The goal is to find the right balance between re-engineering and record keeping while keeping in mind the need for efficiency
IBM, Audits, HR, Efficiency, Enabling
Audits are instrumental for three reasons: to ensure that there is no financial loss as a result of not following statues and laws, to ensure that there are sufficient control points, and to assess whether they are actually being followed, and the third reason is to identify possible risk areas. All of which call for proper functional compliance operations and reporting procedures.
The key challenge with audits has to do with demanding timelines. As an activity that adds to business-as-usual, it’s an exhausting exercise as far as process owners are concerned. And the turnaround time is usually one working day. The second problem has to do with the re-engineering exercise that follows audit recommendations. The goal is to find the right balance between re-engineering and record keeping while keeping in mind the need for efficiency. Sometimes, the audit committee might recommend additional steps that might increase process efficiency or it could interfere with it. So, the net effect should not end up weakening a process or impacting employee experience.
At IBM, there are broadly three levels of audit: one is a peer audit, where one team within HR audits another. The second is a corporate audit – which is conducted by an external team but within IBM. The third level has to do with the statutory audit that is conducted by a team outside IBM. In addition to this, there is an operational excellence and reporting team within HR which looks at the life-cycle of an employee – from recruitment to separation. In between, there is compensation and benefits, payroll, employee disbursements. Six years ago, the audit team recognized a risk in managing data – especially in the background verification process. The challenge then was that there were no experienced agencies and recruitment agencies took it up as part of their process. A year and a half later, the market responded to the demand and now there are over 300 background agencies in India.
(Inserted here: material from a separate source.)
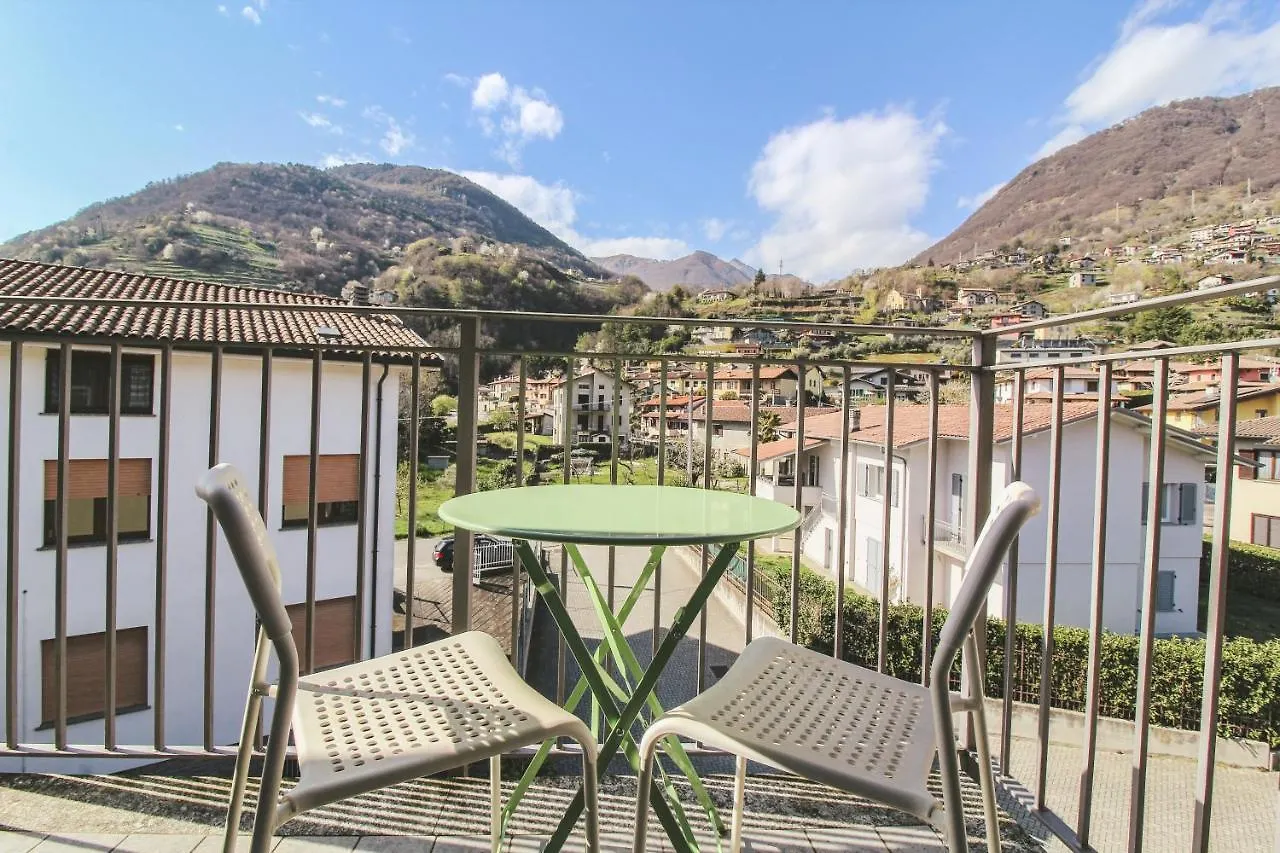 Apartmán Appartamento Maniero 55 Domaso Itálie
An example of HR audit recommendation is based on our referral policy change. Before the audit, the policy required that the employee refers an individual who is “known personally or professionally” to the employee. The recommendation from the audit required us to enhance or revise the language since it was difficult to validate whether an employee actually knew the referee in person. This also had a direct impact on the employee referral bonus program. So, the policy was changed and given a broader definition, whereby a candidate needed to be a person “known through personal or professional network or indirectly known through a network”. The result of this exercise was closing a possible business risk that rose from an unclear definition. There was also an increase in referrals following a slew of measures that were taken to increase employee referrals in addition to the change in definition. The result of the HR audits apart from identifying risk and improving process efficiencies has helped in shaping our policies, making them detailed as well as specific.